JULIO ANTONIO or Antonio Rodríguez Hernández was born in Móra d’Ebre in 1889, and from an early age showed an interest in art, in particular drawing and sculpture. His training began in his place of birth, with the teacher Lluís Vinyes Viñales who introduced him to the world of drawing and art.

Fotografia de la família de Julio AntonioFamily of Julio Antonio (1895)

In 1896 the family moved to Tarragona, and Julio Antonio attended classes at the Tarragona Athenaeum for the Working Classes. His professors were Marià Pedrol, for drawing, and Bernat Verderol, for sculpture. The Archaeological Museum of Tarragona and the sculptures, inscriptions and tapestries of Tarragona cathedral, which Julio Antonio used to visit, began to shape his artistic memory with images and ideas that would later materialise in his works.

In 1897 his father, a first infantry sergeant, was relocated to Cuba, while his mother, his two sisters and Julio Antonio moved to Barcelona where he continued his apprenticeship at the studio of the sculptor Feliu Ferrer i Galzeran.

The family also lived in Múrcia, where he moved in 1903 and where Julio Antonio produced his first sculptural ensemble: Flores malsanas (Sick flowers). Julio Antonio still had not adopted his artistic name and was known as Antonio Rodríguez.

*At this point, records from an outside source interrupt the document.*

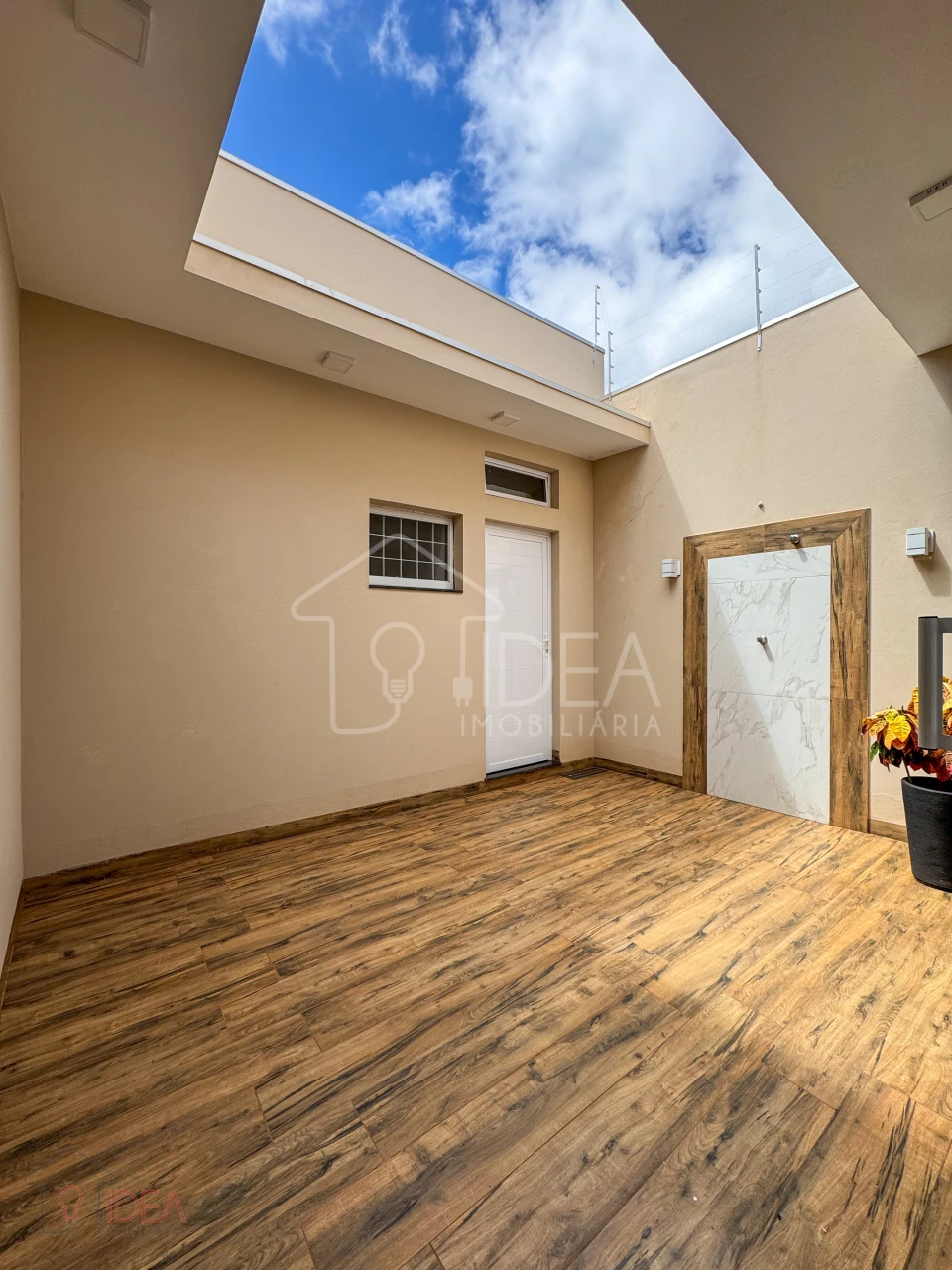 Casa com 3 dormitórios (sendo 1 suíte) Portal de São Francisco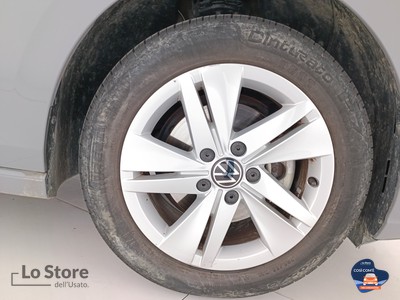 8 - Volkswagen Golf eschini auto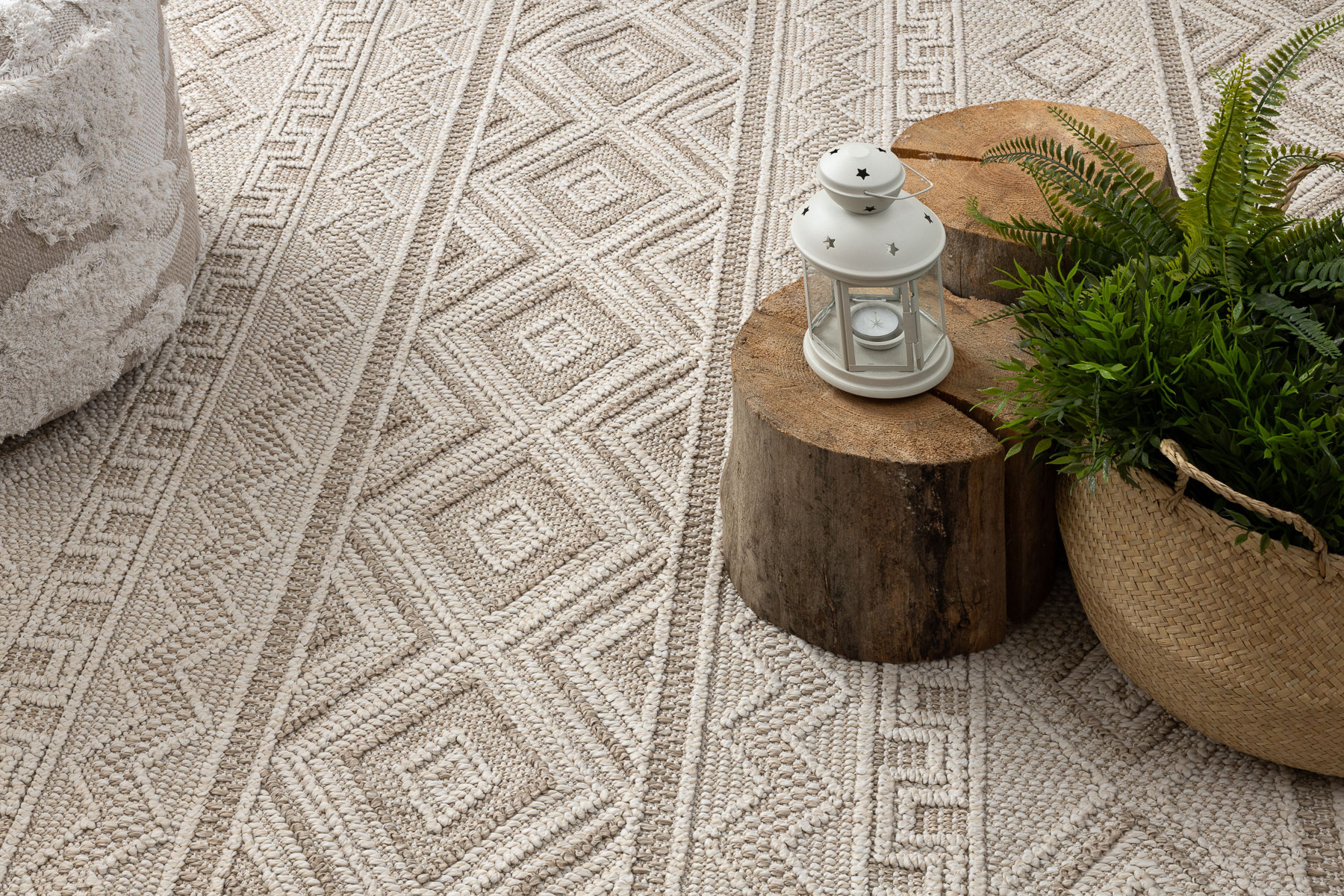 Koberec JERSEY 19234 béžový, kosočtverce BOHO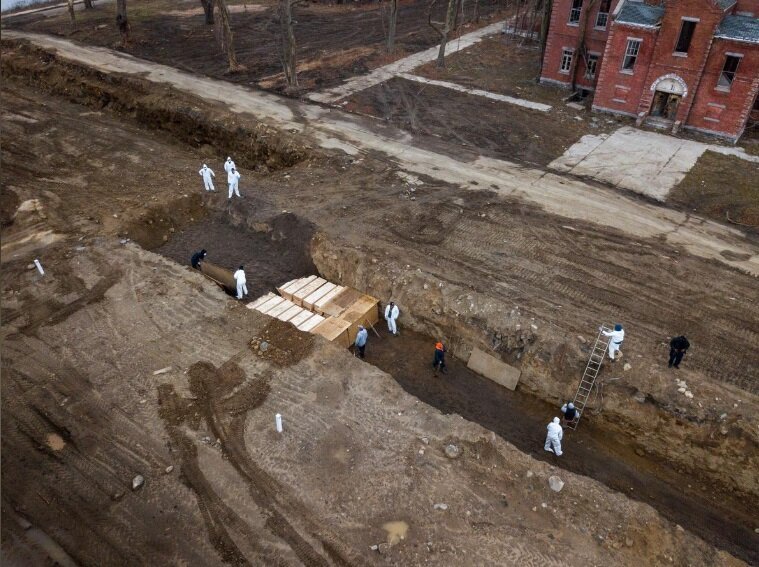 دفن دسته‌جمعی جان‌باختگان کرونا در نیویورک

In 1907 he was awarded a scholarship by the Diputació of Tarragona to study in Madrid, an opportunity which allowed him to start working at the studio of Miquel Blay (Olot 1866 – Madrid 1936), one of the most acclaimed sculptors in the country, from whom he gained great technical skill in his work.

During this period he laid the theoretical foundations of his future, engaging in meetings and discussions on literature, music, poetry and art with Miquel Viladrich, Victorio Macho, Enrique Lorenzo Salazar and Lluís Bagaria, among others.

After a period at Miquel Blay’s studio, Julio Antonio and his colleague Miquel Viladrich decided to set up their own studio in 1908 in C/ Villanueva in Madrid. They shared the studio, the house, the little money they had and the necessities and rigour of winter. They worked intensely day and night and paid their models when their income allowed.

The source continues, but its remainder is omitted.